Die kalifornische Künstlerin Christine Sun Kim überträgt den Text der US-amerikanischen Nationalhymne in ASL, die amerikanische Gebärdensprache. Sie performte an der 40-Yard-Linie, Yolanda Adams und Demi Lovato sangen zehn Yard weiter.
The National Association of the Deaf (NAD)

In der Wiener Secession zeigt die in Berlin lebende Künstlerin nun die Einzelausstellung Cues on Point, in der sie dieser Interpretation eine eigene Videoarbeit widmet und auf die Bedeutung der Simultanübersetzungen für taube Personen hinweist. DER STANDARD traf die Künstlerin noch während der letzten Aufbauarbeiten in der Secession, ein Interpret übersetzte von ASL auf Englisch, eine zweite Übersetzerin von Englisch in ASL.
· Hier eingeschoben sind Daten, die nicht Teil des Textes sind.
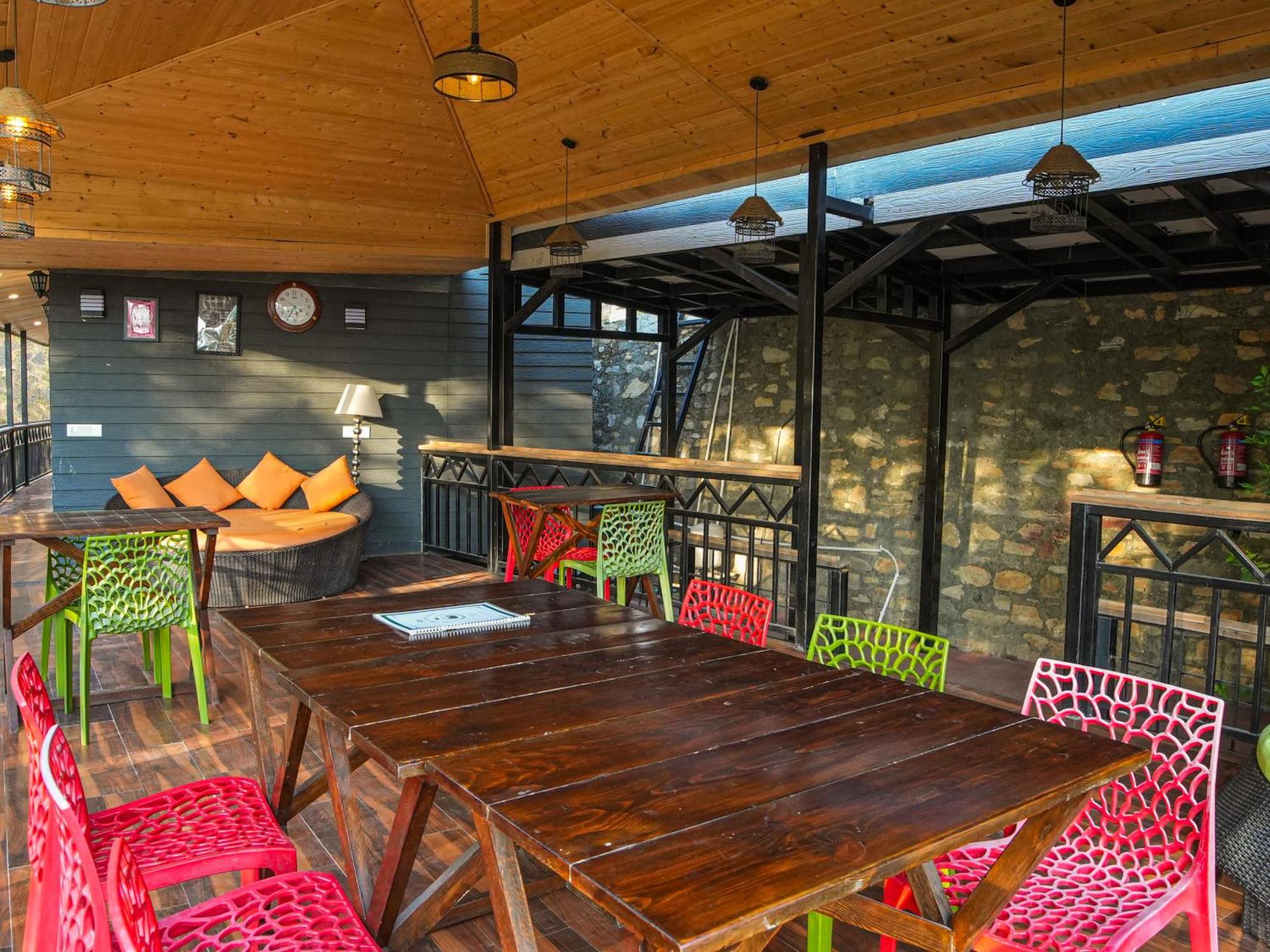 Hotel Thehimalayanliving Whistling Pines Mukteshwar Exteriér fotografie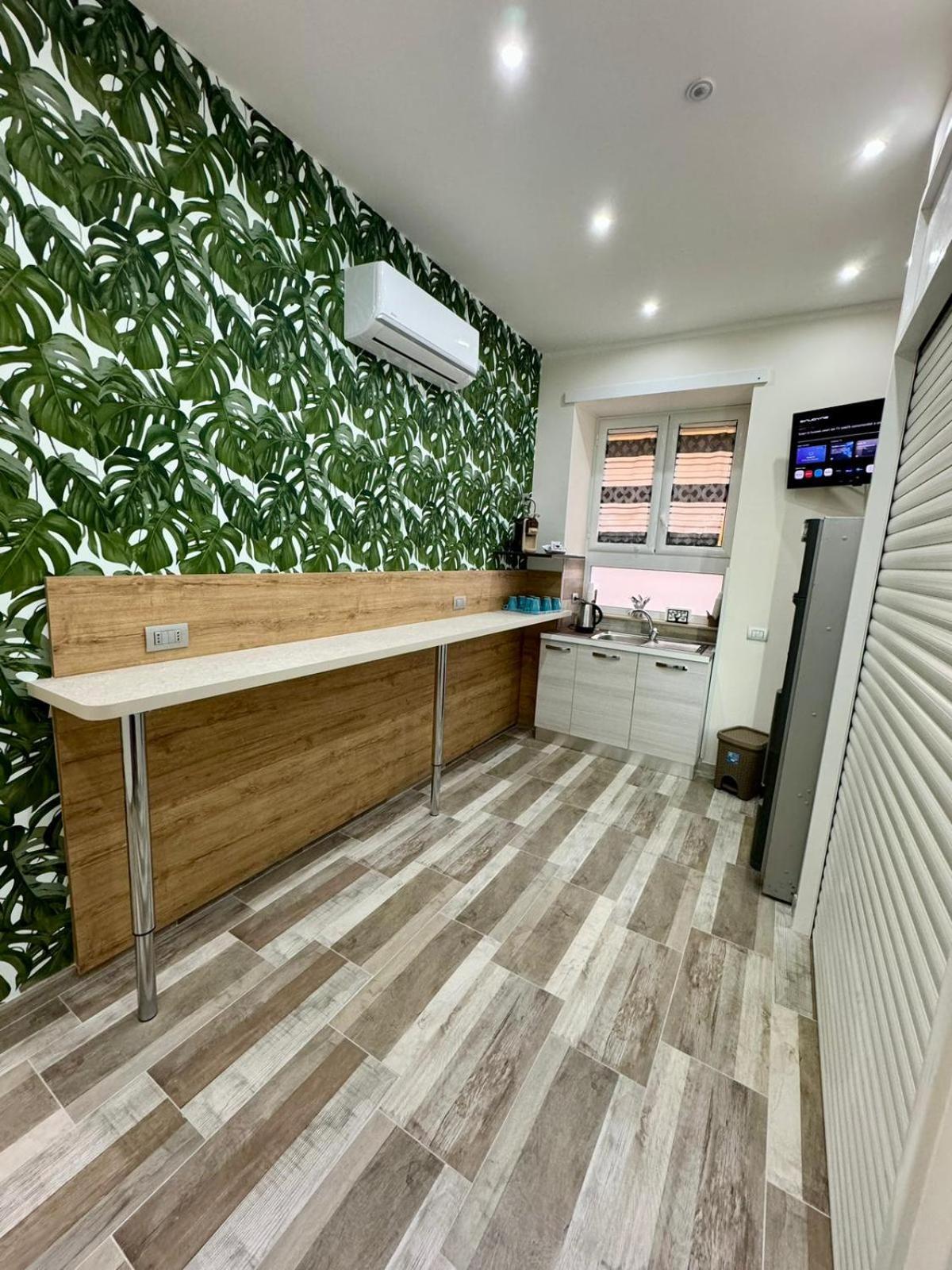 Hotel Punto House Ferrovia Neapol Zewnętrze zdjęcie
Zur Vorbereitung auf einen Termin mit Christine Sun Kim erhält man allgemeine Unterlagen über die "Deaf Community", die Gebärdensprache sowie eine Information, welche Beschreibungen in einer Berichterstattung über die Künstlerin vermieden werden sollen. Reduzierungen auf ihre Behinderung sollen ausgespart, auf die Darstellung der eigenständigen Gebärdensprache als "Ansammlung von Gesten" oder Begriffe wie "Stille" verzichtet werden.

Alles verändernde Klangkunst

"Dass ich als nichtweiße, taube Frau Soundart mache, wollen viele einfach nicht verstehen", so Kim, deren Eltern aus Korea in die USA emigrierten. Dabei habe die Entdeckung von Klangkunst für sie alles verändert – "it fucking changed my life", sagt die 1980 geborene Konzeptkünstlerin, die bereits im MoMA in New York, dem Museum für Moderne Kunst Frankfurt oder auf der Berlin Biennale ausstellte.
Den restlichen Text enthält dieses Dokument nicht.